Something clicked for me during this speech. While Obama itemized a platform to make “change” more specific, it did not seem nearly as important as the philosophy and intellect that he would bring to the office.

And then I realized why I considered his experience just perfect for the job… Obama is like the CEO you would want to run a company in a dynamic growth industry, and McCain is the kind of Board member you’d want in a mature, dying industry to curry favors from bureaucrats and other cronies of the past.

In the information age, the great new businesses are often run by young, intelligent people lacking any serious business experience– Apple, Microsoft, HP, Dell, Oracle, Google (Actually, they were run by CEOs in their teens or early 20s.)

So too with relatively "inexperienced" political leaders like Kennedy and Lincoln (regarded by many as our best President). In rapidly changing environments, experience is often more of an albatross than an asset. Wisdom and experience can be a facade for a rigid, dogmatic, and thus brittle process of decision-making. In the information age, we need a process that is fluid, adaptive and thereby robust.

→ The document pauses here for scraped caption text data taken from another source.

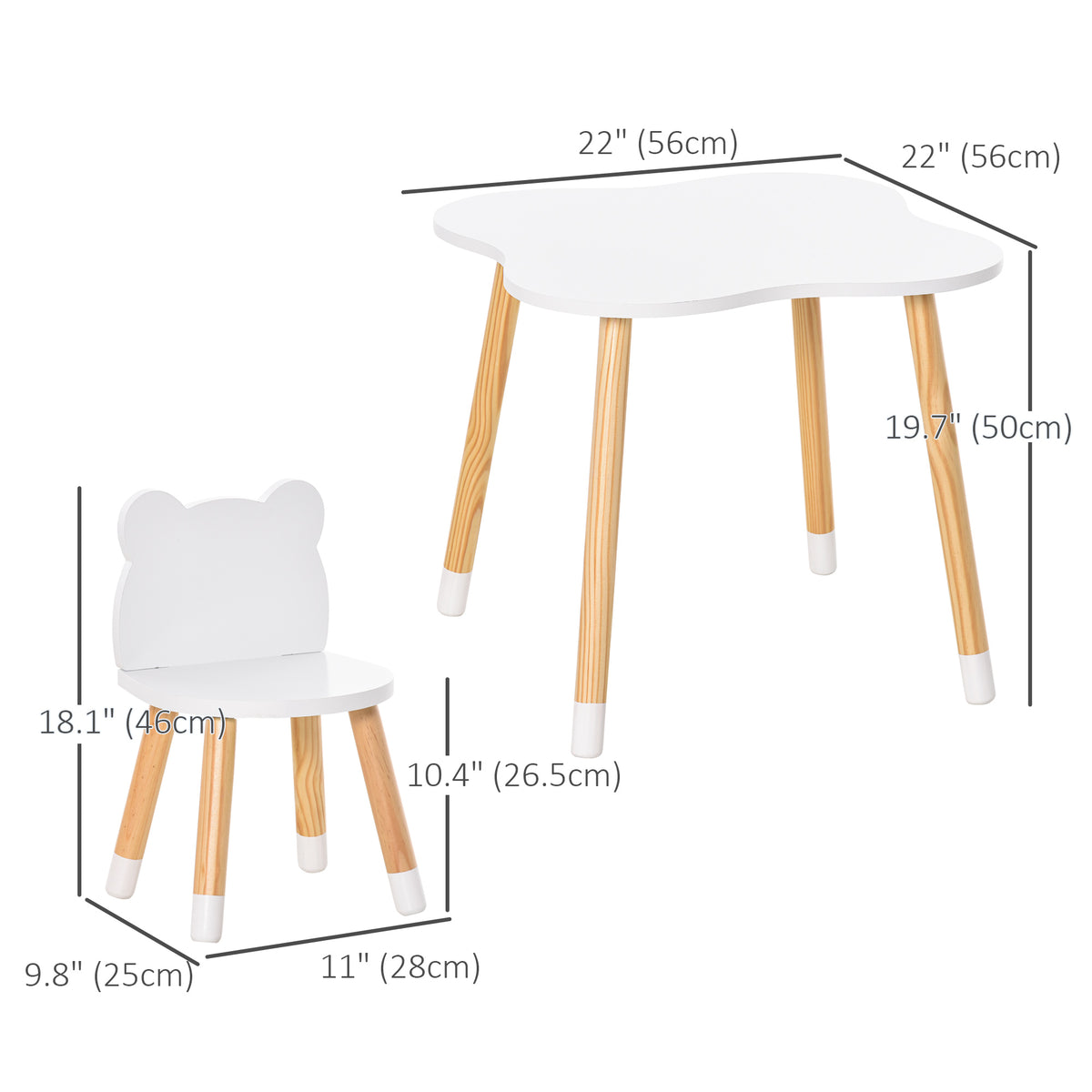 Ensemble table et chaises pour enfants motif d'ours — Lot de 3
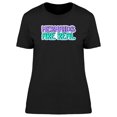 thumbnail image 1 of Mermaids Are Real Doodle Quote T-Shirt Women -Image by Shutterstock, Female Large, 1 of 4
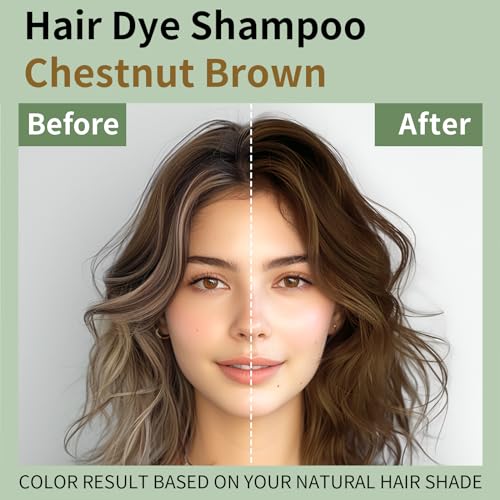 TYAYW 3-in-1 Hair Dye Shampoo - Chestnut Brown, 16.9 Fl Oz for Gray Hair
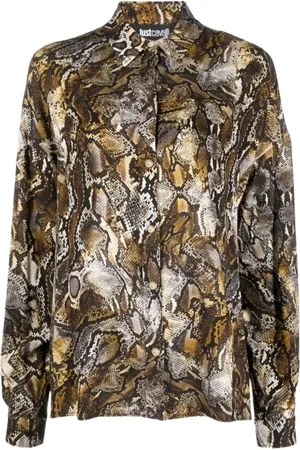 Roberto Cavalli Blouses & Shirts, Dames, Veelkleurig, S, Python Print Overhemd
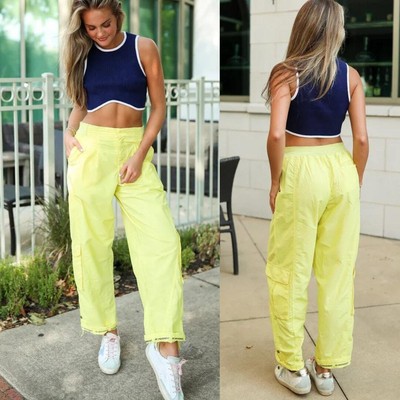NEW Free People Mesmerize Me Pants Afterglow Yellow Size XS Logo Trim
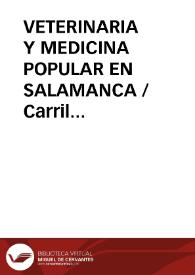 Portada:VETERINARIA Y MEDICINA POPULAR EN SALAMANCA / Carril Ramos, Angel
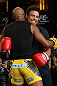 LAS VEGAS, NV - JULY 5:   (L-R) UFC Middleweight Champion Anderson Silva spars with Brazilian soccer legend Ronaldo during the UFC 148 Open Workouts inside XS nightclub at the Encore on July 5, 2012 in Las Vegas, Nevada.  (Photo by Josh Hedges/Zuffa LLC/Zuffa LLC via Getty Images)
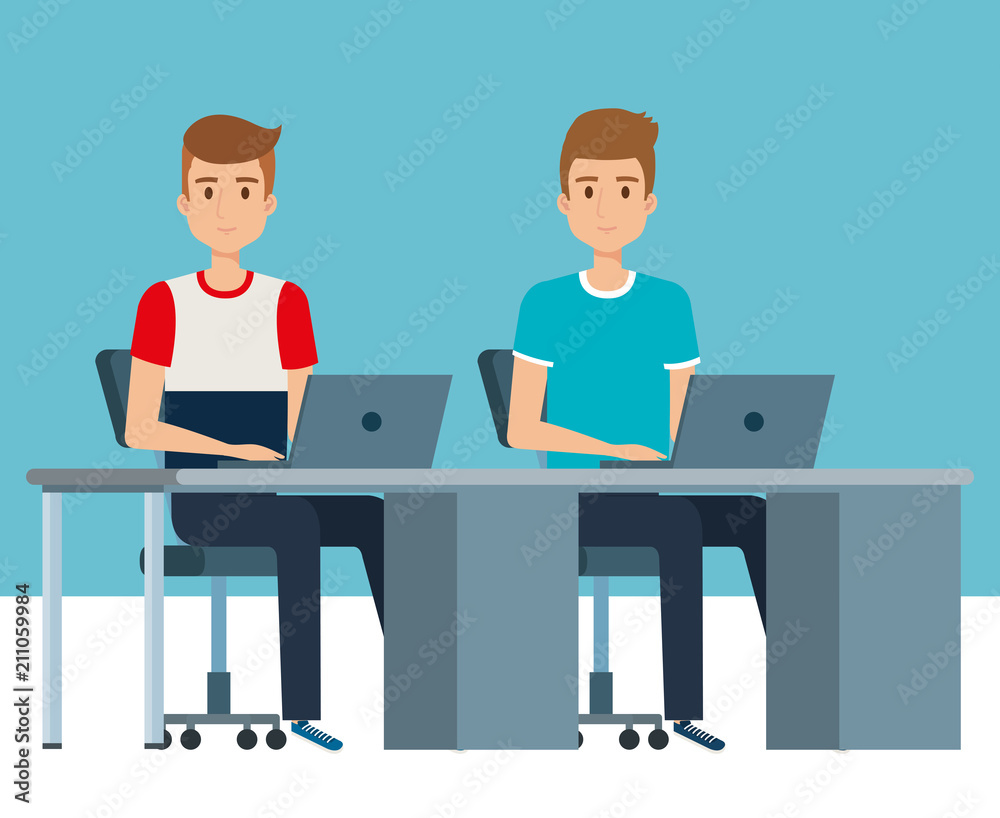 young boys in the workplace avatars characters vector illustration design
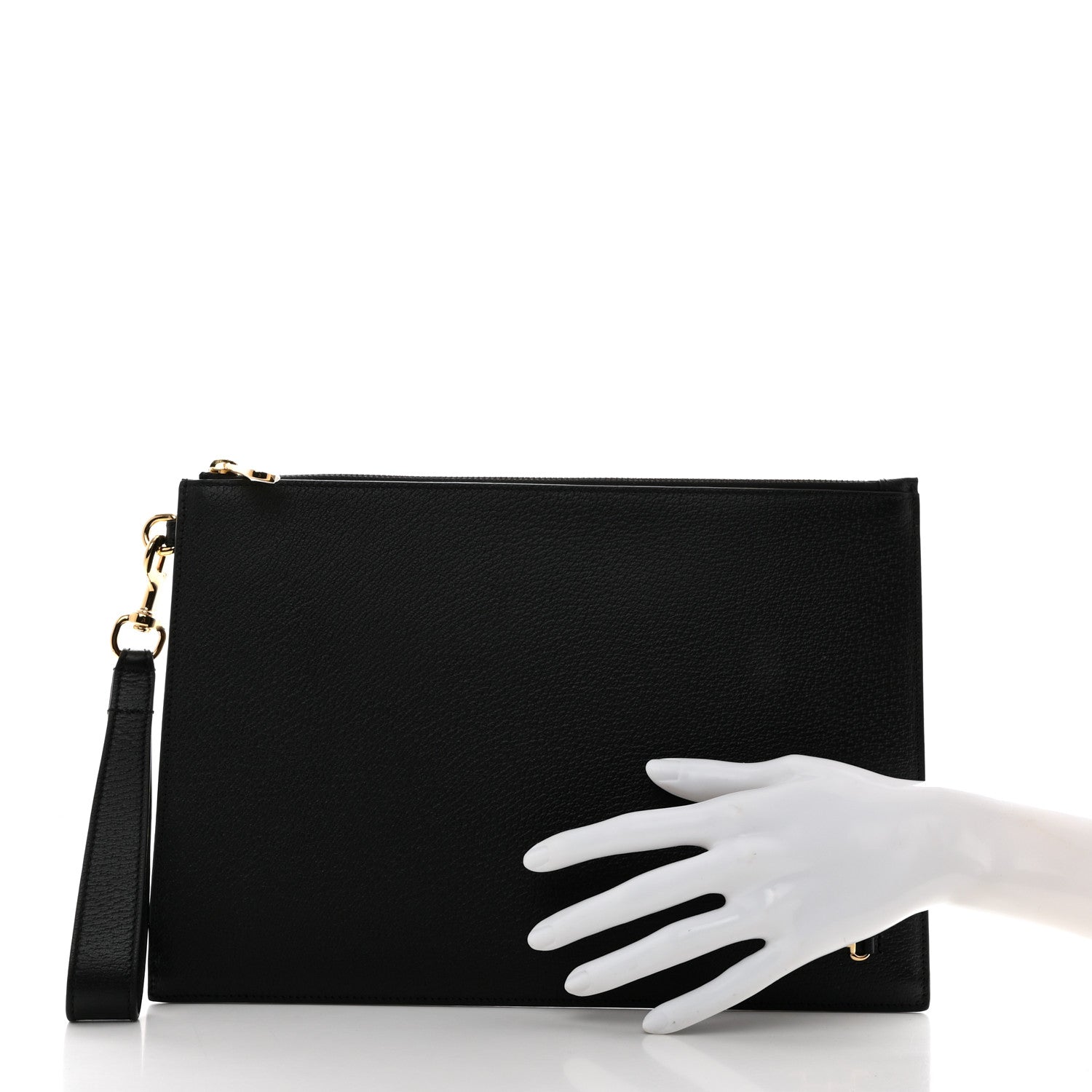 Gucci Calfskin Horsebit 1955 Wristlet Pouch Black 2 of 7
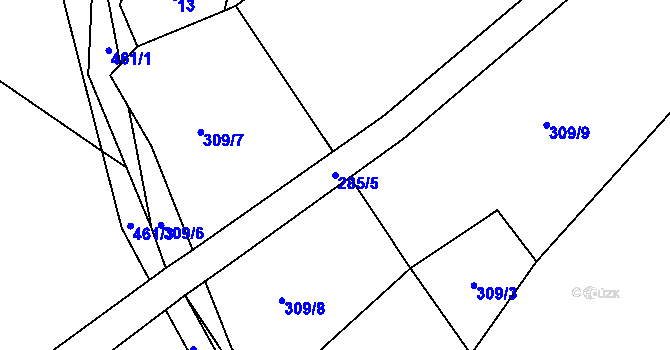 Parcela st. 285/5 v KÚ Babice u Holubče, Katastrální mapa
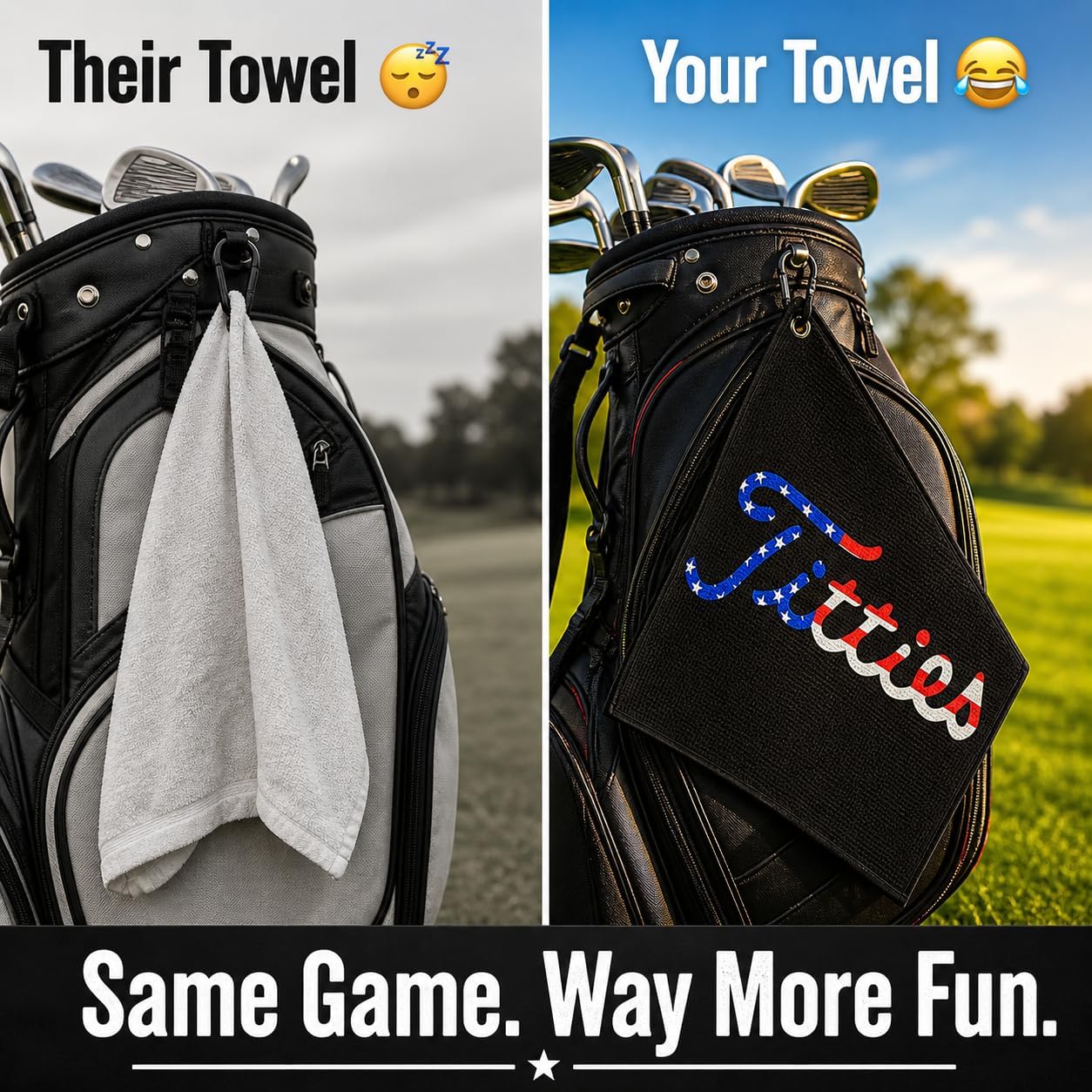 Syren Premium Funny Microfiber Towel with Clip Holder | Funny EGolf Accessory, Fun Golfing Experience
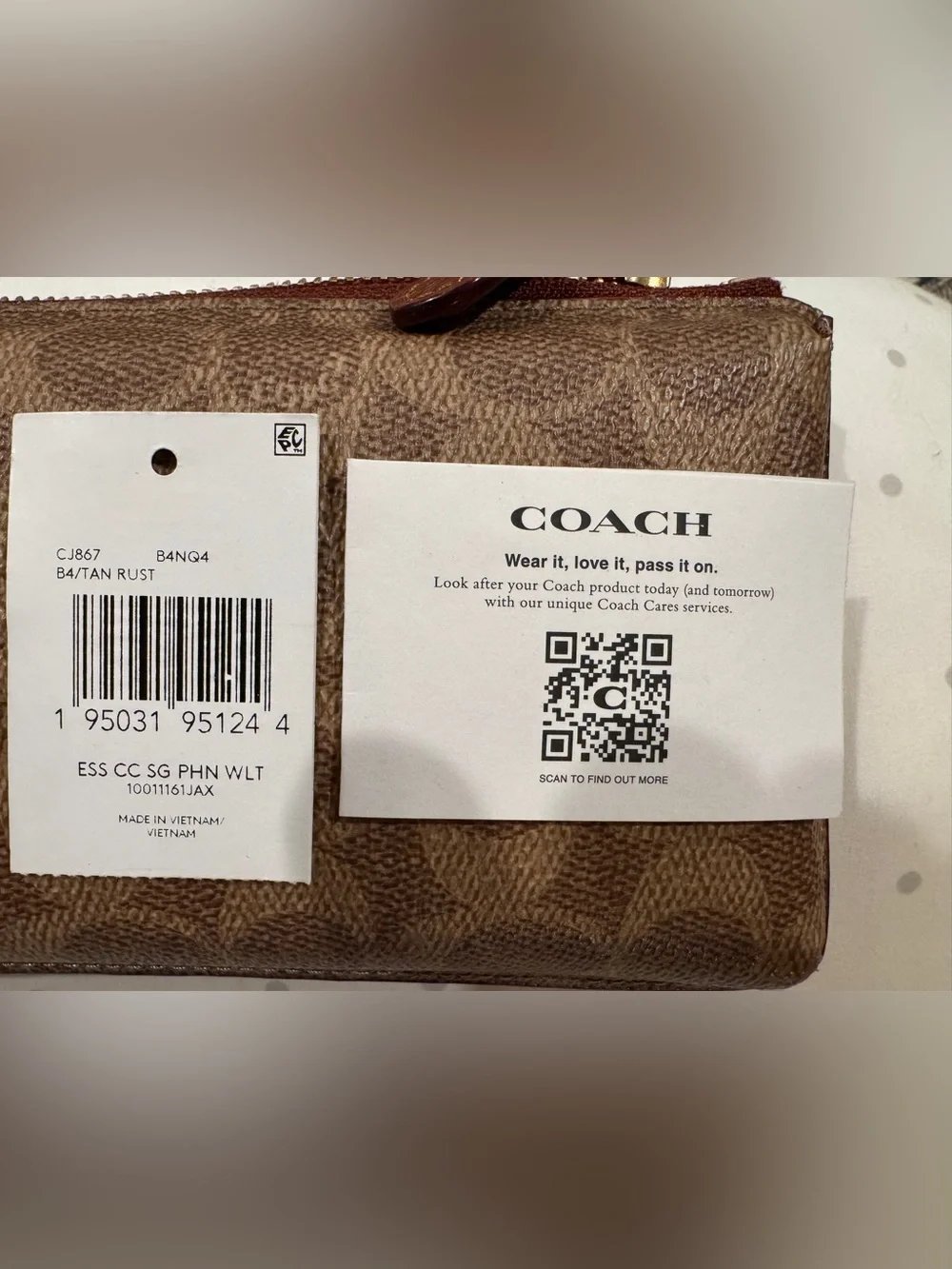 Coach Brown Logo Canvas & Leather Phone Wallet Case with Gold C Accent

Laying out a plan is a fine exercise, but long-term business plans are increasingly irrelevant. Remember when Japanese corporations proclaimed 100 year plans... Silicon Valley execs just chuckled. In a static industry, plans and platforms are important. In the modern era, process is more important than platform, and you want a leader that can adapt and even capitalize on rare events that increasingly define our world (aka Black Swans).

Nobody voted for Bush – or Giulani in New York – because of their campaign promises about how they would deal with the 9/11 that had not happened yet.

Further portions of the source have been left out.